Write the records out exactly as they read, but not the pictures.

----------------

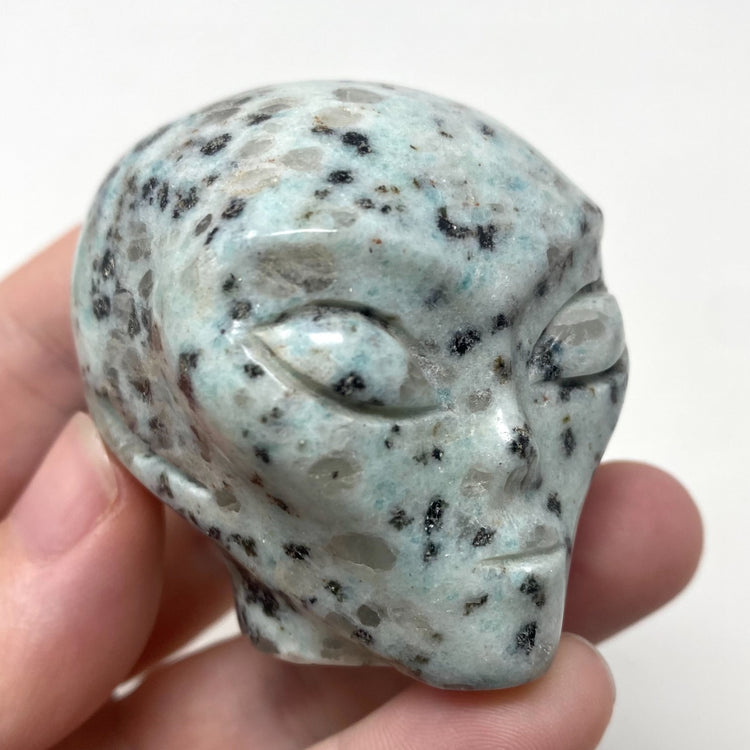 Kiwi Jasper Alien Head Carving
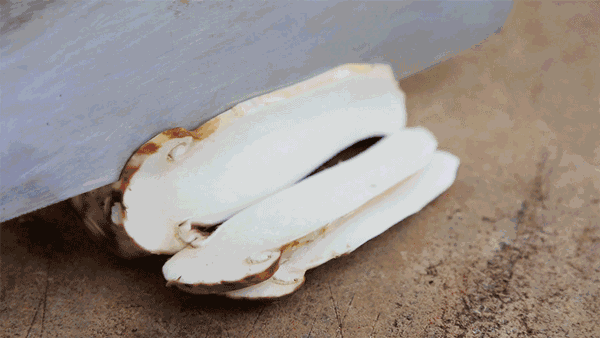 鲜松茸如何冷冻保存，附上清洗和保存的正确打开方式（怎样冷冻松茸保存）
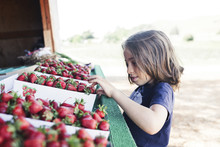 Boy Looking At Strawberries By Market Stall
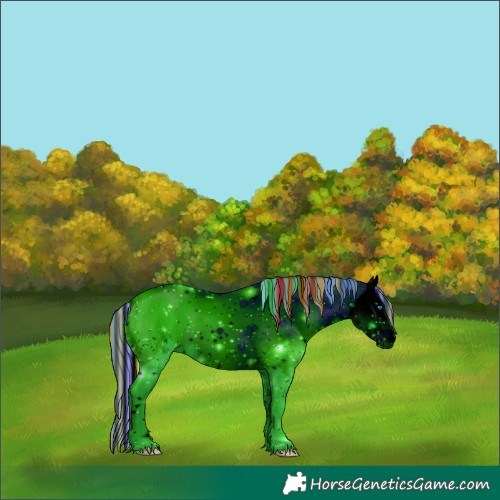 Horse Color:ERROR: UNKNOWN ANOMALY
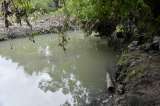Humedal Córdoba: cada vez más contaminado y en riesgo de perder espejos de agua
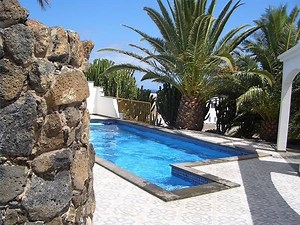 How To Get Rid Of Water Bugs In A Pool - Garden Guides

----------------

#### EXERCISE RESPONSE
 Kiwi Jasper Alien Head Carving
 鲜松茸如何冷冻保存，附上清洗和保存的正确打开方式（怎样冷冻松茸保存）
 Boy Looking At Strawberries By Market Stall
 Horse Color:ERROR: UNKNOWN ANOMALY
Humedal Córdoba: cada vez más contaminado y en riesgo de perder espejos de agua
 How To Get Rid Of Water Bugs In A Pool - Garden Guides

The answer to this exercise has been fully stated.